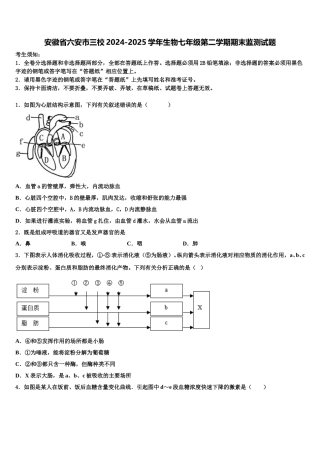 安徽省六安市三校2024-2025学年生物七年级第二学期期末监测试题含解析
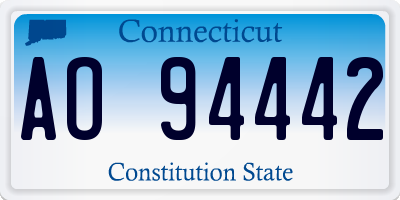 CT license plate AO94442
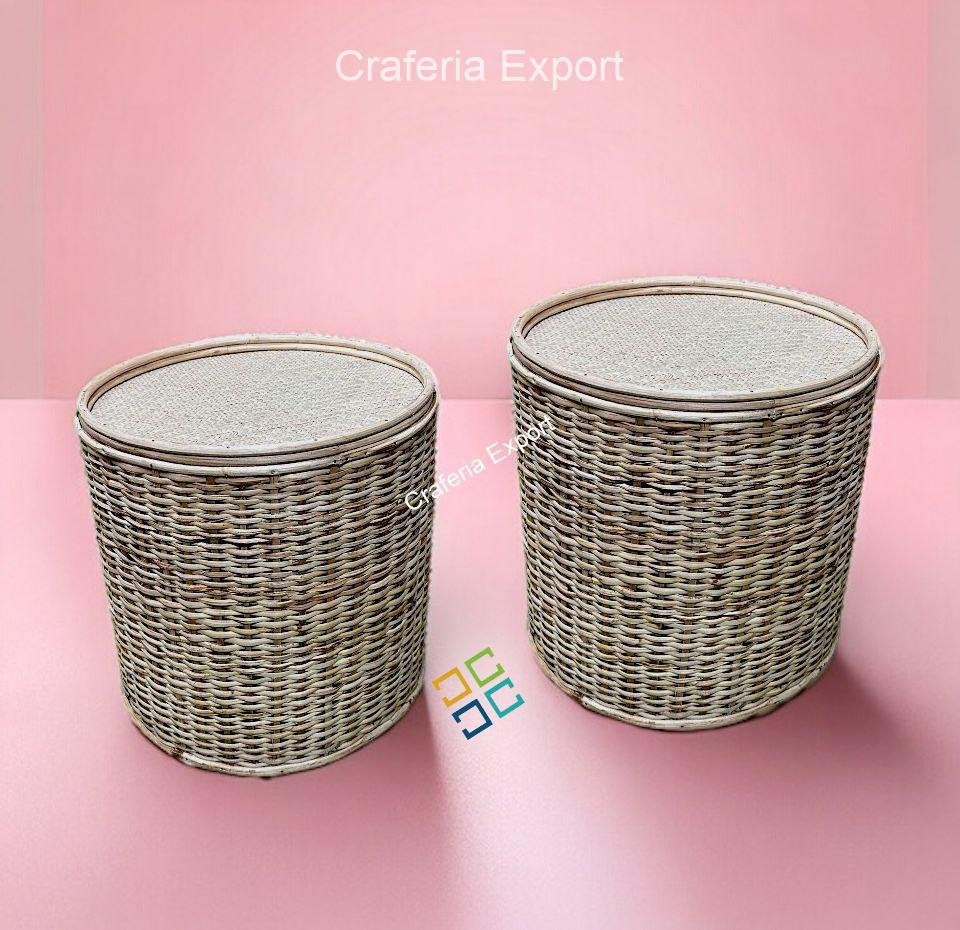 Round Rattan Cane Sitting Stool/Side Table /Ottoman Stool for balcony/ garden/home and decor - Image 3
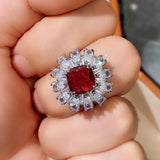 Red Zirconia Crystal Ring for Women Engagement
···
» **Action item**
Reproduce verbatim every line starting at the line that holds "CT license plate AO94442" and ending with the final line of the data; omit the pictures.

» **Task result**
 CT license plate AO94442
 Round Rattan Cane Sitting Stool/Side Table /Ottoman Stool for balcony/ garden/home and decor - Image 3
 Red Zirconia Crystal Ring for Women Engagement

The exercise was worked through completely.